**** DATA SUPPLIED

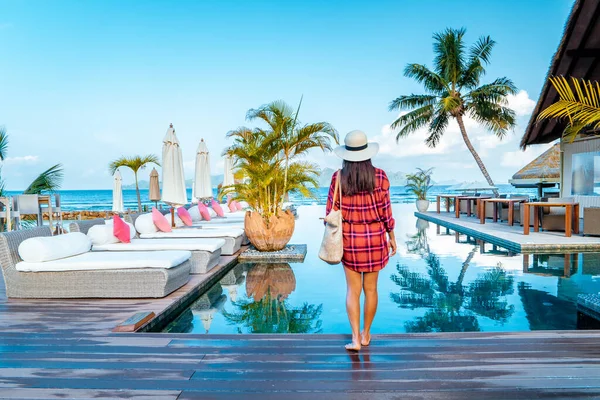 Piscina di lusso in località tropicale, vacanze rilassanti nelle isole Seychelles. La Digue, Giovane durante il tramonto in piscina — Foto Stock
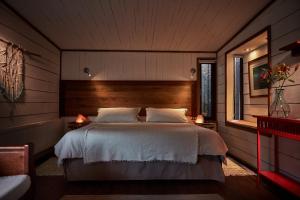 een slaapkamer met een groot bed en 2 lampen bij Cuarzo Lodge in Pichilemu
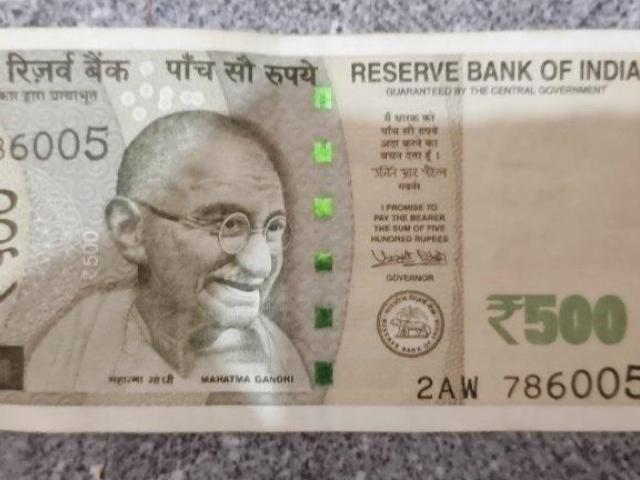 500 note with the number 786 in the starting - 786005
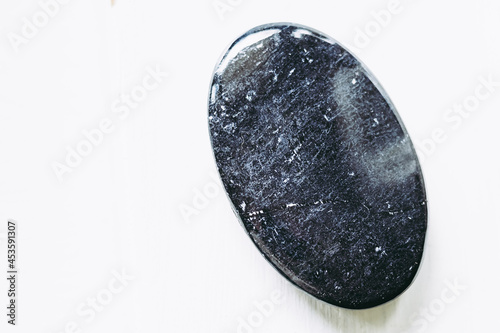 Galet pierre roulée polie tourmaline noire sur un fond blanc - Minéral naturel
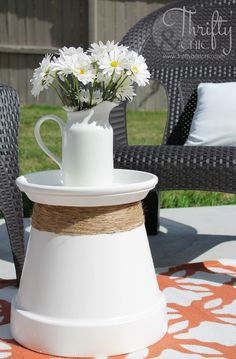 a white vase with daisies in it sitting on a patio table next to two wicker chairs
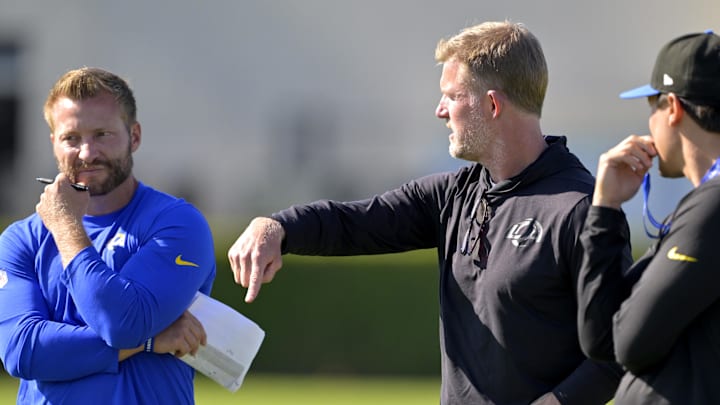 Jul 29, 2024; Los Angeles, CA, USA; Los Angeles Rams head coach Sean McVay, general manager Les Snead and chief of staff Carter Crutchfield talk on the field during training camp at Loyola Marymount University. Mandatory Credit: Jayne Kamin-Oncea-Imagn Images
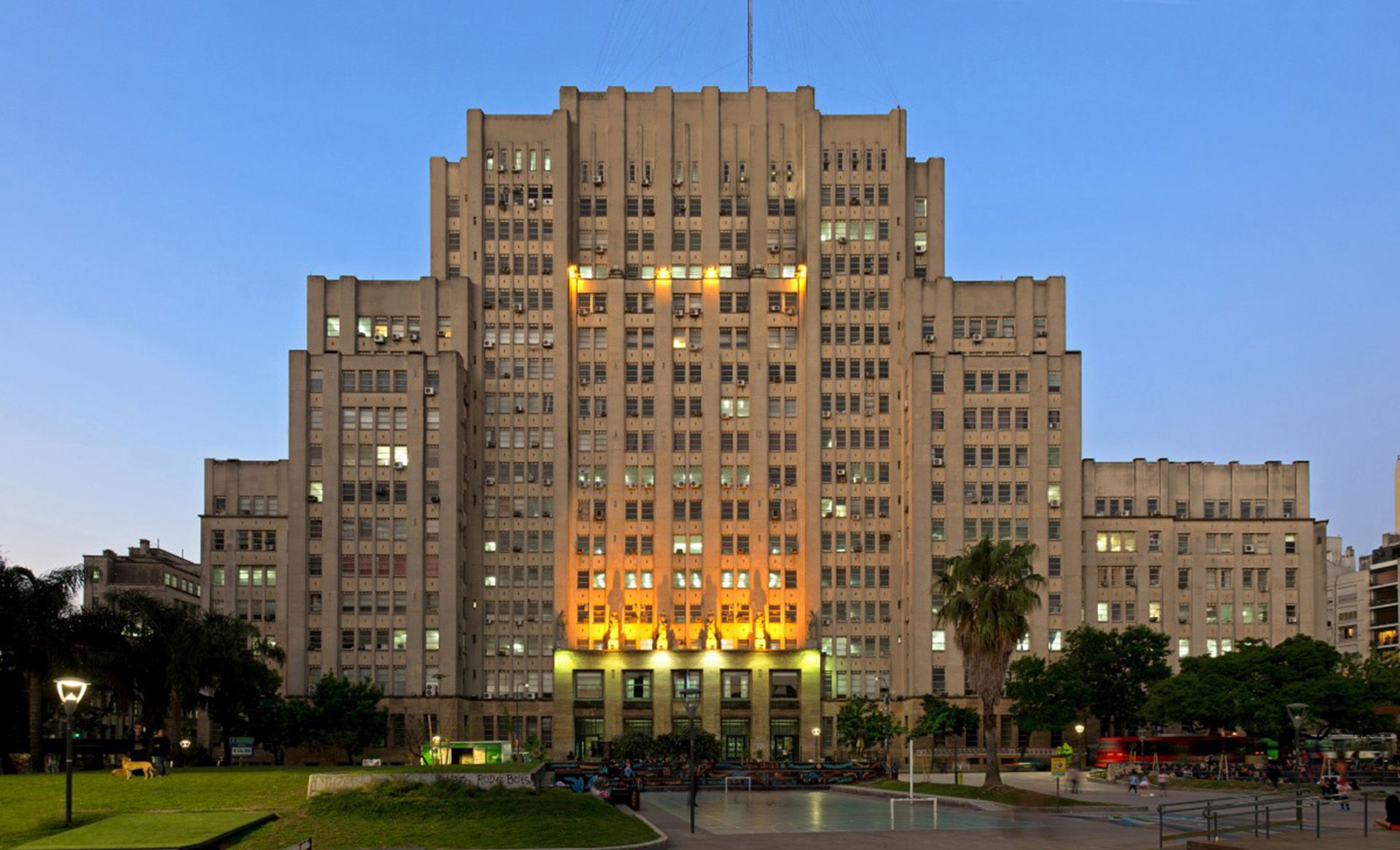 Un puente blanco sobre un lago con un barco. Está rodeado de árboles y césped verde.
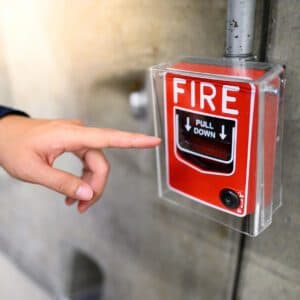 NICET technician demonstrating compliance test of emergency fire alarm pull station
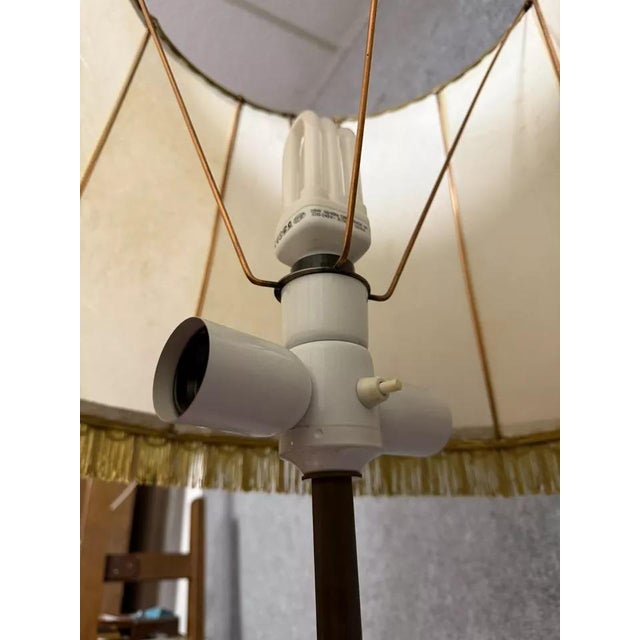 Very large gilt bronze candlestick mounted as a lamp (wired to current standards) / 192 cm high Wooden base Animal-shaped...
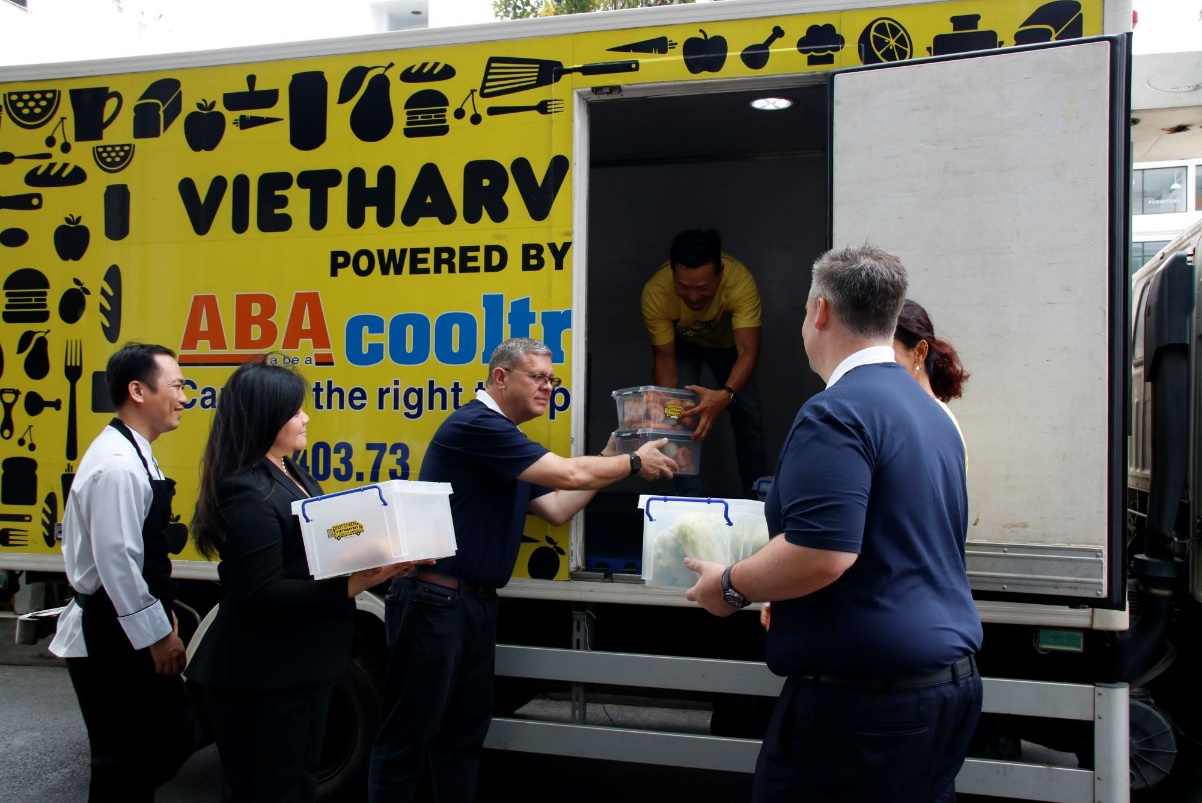 A group of people standing in a truck  Description automatically generated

********

- WORK INSTRUCTION -
Your copy should consist only of the lines from the line holding "een slaapkamer met" through the final line of the listing above, both included, with all pictures omitted.

- SOLUTION FOR THIS TASK -
 een slaapkamer met een groot bed en 2 lampen bij Cuarzo Lodge in Pichilemu
 500 note with the number 786 in the starting - 786005
 Galet pierre roulée polie tourmaline noire sur un fond blanc - Minéral naturel
 a white vase with daisies in it sitting on a patio table next to two wicker chairs
 Jul 29, 2024; Los Angeles, CA, USA; Los Angeles Rams head coach Sean McVay, general manager Les Snead and chief of staff Carter Crutchfield talk on the field during training camp at Loyola Marymount University. Mandatory Credit: Jayne Kamin-Oncea-Imagn Images
 Un puente blanco sobre un lago con un barco. Está rodeado de árboles y césped verde.
 NICET technician demonstrating compliance test of emergency fire alarm pull station
 Very large gilt bronze candlestick mounted as a lamp (wired to current standards) / 192 cm high Wooden base Animal-shaped...
 A group of people standing in a truck  Description automatically generated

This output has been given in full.